Jika melihat dari ketinggian gunung, keberadaan kuang di sawah terlihat jelas. Kebetulan ada beberapa petak sawah yang belum ditanami padi dan sementara mengisi kuang dengan air, sehingga nampak kolam berbentuk lingkaran di tengah sawah.
Saat ini masyarakat setempat sudah mulai proses menanam padi. Saya menyempatkan melihat dari dekat sawah terasering yang baru ditanami padi terlihat hijau dan subur. Kelak saat panen hasilnya akan melimpah.
Untuk panen padi sendiri dalam setahun, oleh masyarakat hanya bisa dua kali panen. Padi yang dipanen akan disimpan di lumbung atau dalam bahasa Toraja disebut Alang milik masyarakat.
Keberadaan alang untuk penyimpanan padi sejak dulu sudah ada. Di mana  merupakan bangunan khas Toraja berbentuk Tongkonan yang bisa sekaligus untuk tempat bersantai. Di perkampungan Toraja, hampir setiap rumah memiliki alang.
Padi yang diolah menjadi beras selain untuk dijual, juga digunakan untuk konsumsi sehari-hari serta untuk kepentingan pesta adat yang sering digelar di Toraja. Itulah mengapa padi aman tersimpan di alang.
Untuk mobilisasi komoditi padi yang sudah dipanen, akses infrastruktur jalan di wilayah perkampungan Toraja terbilang memadai. Keberadaan jalan yang sudah dicor beton menjangkau areal persawahan hingga di ketinggian pegunungan.
Walaupun ada beberapa titik yang rusak, namun pada umumnya jalan ke desa cukup baik. Kendaraan roda empat bisa mencapai hingga ke dusun-dusun. Tak heran pedagang asongan roda dua pun dari Kota Rantepao turut berdagang hingga ke pelosok desa.

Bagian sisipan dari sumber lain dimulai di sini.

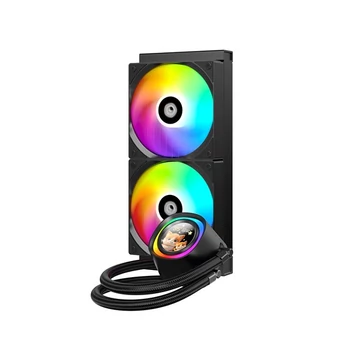 ID-Cooling CPU Water Cooler - FX240 LCD (27,2dB; max. 98,54 m3 / h; 2x12cm, A-RGB, fekete)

Pembangunan infrastruktur jalan di desa tidak lepas dari penggunaan Dana Desa untuk program peningkatan akses jalan. Namun demikian dukungan APBD dari kabupaten dibutuhkan untuk pemantapan jalan menuju ke kecamatan dan desa-desa.

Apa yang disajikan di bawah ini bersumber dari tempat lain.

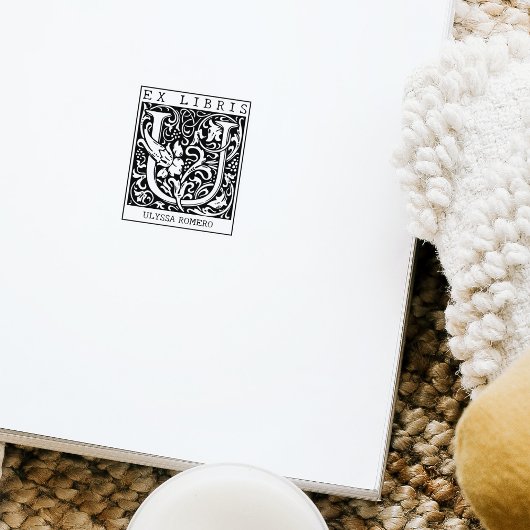 ヴィンテージ花モノグラムレターブックEx Libris ラバースタンプ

Di satu sisi dukungan untuk peningkatan produktivitas pertanian bagi petani dibutuhkan. Mengingat keberadaan sawah terasering di perkampungan Toraja, merupakan potensi besar untuk kemandirian pangan.
Di satu sisi menjadi destinasi wisata alam bagi para traveling yang menyukai eksotisme kearifan lokal di daerah. Terutama eksotisme persawahan terasering di daerah Toraja.